Nous tenons à vous rappeler que le problème ne se porte pas sur la question de «beaucoup d’hydrocarbures » ou de « peu d’hydrocarbures », mais sur la capacité de l’industrie à intégrer la comptabilité des dommages environnementaux qui pourraient résulter d’une activité, en soi, risquée ainsi que le rôle de la couverture de responsabilité dans la prévention des négligences. Des leçons doivent être tirées de l’incident de Deepwater Horizon, où il est évident qu’un plafond de responsabilité de 75 millions de dollars américains n’était pas un montant approprié pour inciter l’investissement adéquat nécessaire pour prévenir un déversement de pétrole (en considérant que le coût complet de l’incident est susceptible d’atteindre 50 milliards de dollars). Prédire l’effet d’un important déversement de pétrole est presque impossible à faire de ce fait, la délimitation de la responsabilité financière appropriée est également difficile, voire impossible. Nous vous encourageons à assurer que les opérateurs soient entièrement responsables de tout dommage à l’environnement marin et de toute nuisances sur le bien-être humain. Il est également crucial de renforcer les mesures dissuasives par des amendes plus importantes ou par le retrait des licences et, le cas échéant, porter des affaires pénales à l’encontre des opérateurs et des particuliers, si des actes répréhensibles ont été démontrés. Seules ces mesures de sécurité assureront des règles de responsabilité claires et complètes nécessaires pour ramener un sentiment de responsabilité requis par les opérateurs.

Donner la priorité à l’environnement et la sécurité humaine

Les forages pétroliers en mer sont des activités risquées et ces risques sont en croissance, en particulier concernant leur évolution vers des environnements toujours plus profonds, plus dangereux et plus fragile, comme la région arctique – où les normes existantes de l’industrie pétrolière sont largement inadaptées et où les plans d’urgence mis en place ainsi que les infrastructures de sauvetage sont pratiquement inexistants. Mettre en place une réglementation faible permettant seulement la poursuite des forages pétroliers au motif qu’il serait trop financièrement prohibitive serait un désastre.
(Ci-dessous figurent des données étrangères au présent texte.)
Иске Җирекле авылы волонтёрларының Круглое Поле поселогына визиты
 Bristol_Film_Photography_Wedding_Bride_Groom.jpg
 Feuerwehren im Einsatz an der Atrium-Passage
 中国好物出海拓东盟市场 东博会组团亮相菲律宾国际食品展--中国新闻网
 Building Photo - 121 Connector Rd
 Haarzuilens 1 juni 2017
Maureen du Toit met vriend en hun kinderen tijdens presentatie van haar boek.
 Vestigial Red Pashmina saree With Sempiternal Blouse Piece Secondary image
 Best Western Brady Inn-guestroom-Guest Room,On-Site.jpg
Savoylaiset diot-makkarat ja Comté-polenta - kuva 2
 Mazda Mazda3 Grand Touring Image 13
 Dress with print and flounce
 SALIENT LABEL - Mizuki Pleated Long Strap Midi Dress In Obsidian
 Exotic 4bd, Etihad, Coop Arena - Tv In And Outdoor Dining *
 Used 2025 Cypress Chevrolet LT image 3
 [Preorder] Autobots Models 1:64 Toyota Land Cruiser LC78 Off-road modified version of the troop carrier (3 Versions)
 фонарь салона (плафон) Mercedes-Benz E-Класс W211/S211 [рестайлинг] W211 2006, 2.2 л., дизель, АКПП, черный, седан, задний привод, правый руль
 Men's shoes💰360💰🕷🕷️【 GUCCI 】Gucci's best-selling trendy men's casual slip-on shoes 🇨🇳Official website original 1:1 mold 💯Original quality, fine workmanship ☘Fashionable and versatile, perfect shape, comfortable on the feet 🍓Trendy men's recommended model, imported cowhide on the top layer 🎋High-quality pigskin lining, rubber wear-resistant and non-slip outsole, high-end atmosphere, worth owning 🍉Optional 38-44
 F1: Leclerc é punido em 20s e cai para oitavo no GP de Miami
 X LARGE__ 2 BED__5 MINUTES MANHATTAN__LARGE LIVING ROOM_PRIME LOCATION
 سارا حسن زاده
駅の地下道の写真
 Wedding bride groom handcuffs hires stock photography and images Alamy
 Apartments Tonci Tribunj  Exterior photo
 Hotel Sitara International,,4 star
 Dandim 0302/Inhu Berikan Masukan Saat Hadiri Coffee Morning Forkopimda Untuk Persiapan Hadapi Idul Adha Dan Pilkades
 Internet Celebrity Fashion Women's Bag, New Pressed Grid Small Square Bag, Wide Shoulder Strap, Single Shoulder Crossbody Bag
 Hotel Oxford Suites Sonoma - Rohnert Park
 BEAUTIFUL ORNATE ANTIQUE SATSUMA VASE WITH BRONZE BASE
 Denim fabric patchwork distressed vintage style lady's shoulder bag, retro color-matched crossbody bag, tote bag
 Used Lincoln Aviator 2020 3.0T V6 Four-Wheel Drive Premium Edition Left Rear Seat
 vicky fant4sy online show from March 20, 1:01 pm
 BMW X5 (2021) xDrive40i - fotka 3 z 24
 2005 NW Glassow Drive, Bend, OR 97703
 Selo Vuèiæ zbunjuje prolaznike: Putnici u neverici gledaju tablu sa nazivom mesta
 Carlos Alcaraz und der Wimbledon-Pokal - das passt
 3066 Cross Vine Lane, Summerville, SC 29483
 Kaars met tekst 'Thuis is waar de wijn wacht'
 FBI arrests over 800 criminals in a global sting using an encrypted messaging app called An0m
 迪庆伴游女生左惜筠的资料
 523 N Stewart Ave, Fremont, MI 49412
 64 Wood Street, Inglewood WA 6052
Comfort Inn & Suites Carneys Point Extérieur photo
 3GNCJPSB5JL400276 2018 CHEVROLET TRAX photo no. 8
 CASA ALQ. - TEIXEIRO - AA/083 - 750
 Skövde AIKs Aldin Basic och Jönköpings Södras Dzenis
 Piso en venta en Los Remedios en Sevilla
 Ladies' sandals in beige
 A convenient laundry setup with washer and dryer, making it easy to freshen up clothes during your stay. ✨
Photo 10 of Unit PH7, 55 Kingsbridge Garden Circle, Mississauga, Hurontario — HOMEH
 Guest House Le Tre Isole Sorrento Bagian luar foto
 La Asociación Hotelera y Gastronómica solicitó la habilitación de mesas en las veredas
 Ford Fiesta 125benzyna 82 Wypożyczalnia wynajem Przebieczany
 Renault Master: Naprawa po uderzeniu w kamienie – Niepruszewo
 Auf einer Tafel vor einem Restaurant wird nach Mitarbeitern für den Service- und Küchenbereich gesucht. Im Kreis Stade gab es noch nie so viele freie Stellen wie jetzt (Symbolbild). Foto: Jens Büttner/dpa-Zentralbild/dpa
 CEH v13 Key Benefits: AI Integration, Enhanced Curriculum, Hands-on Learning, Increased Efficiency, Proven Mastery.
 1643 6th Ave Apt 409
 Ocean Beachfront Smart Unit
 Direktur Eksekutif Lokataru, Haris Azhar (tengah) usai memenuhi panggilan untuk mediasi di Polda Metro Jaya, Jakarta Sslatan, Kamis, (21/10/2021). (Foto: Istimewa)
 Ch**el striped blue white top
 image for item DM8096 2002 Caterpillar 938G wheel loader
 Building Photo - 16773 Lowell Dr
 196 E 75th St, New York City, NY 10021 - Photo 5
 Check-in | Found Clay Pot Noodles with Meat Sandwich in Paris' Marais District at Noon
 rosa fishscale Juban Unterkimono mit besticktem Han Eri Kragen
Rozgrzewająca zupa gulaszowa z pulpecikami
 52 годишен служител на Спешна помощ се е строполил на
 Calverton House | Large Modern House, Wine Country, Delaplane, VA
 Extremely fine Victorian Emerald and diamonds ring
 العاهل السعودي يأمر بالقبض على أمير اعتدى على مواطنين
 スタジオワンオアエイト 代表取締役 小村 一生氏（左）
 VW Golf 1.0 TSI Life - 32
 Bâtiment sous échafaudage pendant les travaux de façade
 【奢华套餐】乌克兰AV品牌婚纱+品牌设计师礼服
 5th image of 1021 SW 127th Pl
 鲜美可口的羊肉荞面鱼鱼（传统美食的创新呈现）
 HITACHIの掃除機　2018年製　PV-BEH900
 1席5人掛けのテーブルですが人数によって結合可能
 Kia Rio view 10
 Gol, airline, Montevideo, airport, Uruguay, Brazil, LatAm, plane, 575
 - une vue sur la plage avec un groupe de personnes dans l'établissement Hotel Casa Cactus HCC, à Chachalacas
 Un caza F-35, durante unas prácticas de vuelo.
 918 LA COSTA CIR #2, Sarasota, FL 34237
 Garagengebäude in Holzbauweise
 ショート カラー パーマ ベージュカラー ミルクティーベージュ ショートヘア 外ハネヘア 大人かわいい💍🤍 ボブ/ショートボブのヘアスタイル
Parallèlement à d’autres demandes clés que nous, les ONG environnementales ont proposé dans nos réponses individuelles à la récente consultation, nous vous encourageons à respecter strictement le principe de précaution et de prioriser la protection de l’environnement marin et la sécurité des travailleurs sur les installations offshore dans votre proposition de septembre.

Cordialement,

Xavier Pastor, directeur exécutif d’Oceana Europe

Monika Verbeek, directeur exécutif de Seas at Risk

Copies à :

  • M. Janez Poto?nik (commissaire à l’environnement),
  • Connie Hedegaard (Commissaire à l’action pour le climat),
  • Štefan Füle (Commissaire à l’élargissement et à la politique européenne de voisinage),
  • László Andor (Commissaire à l’Emploi, des affaires sociales et de intégration)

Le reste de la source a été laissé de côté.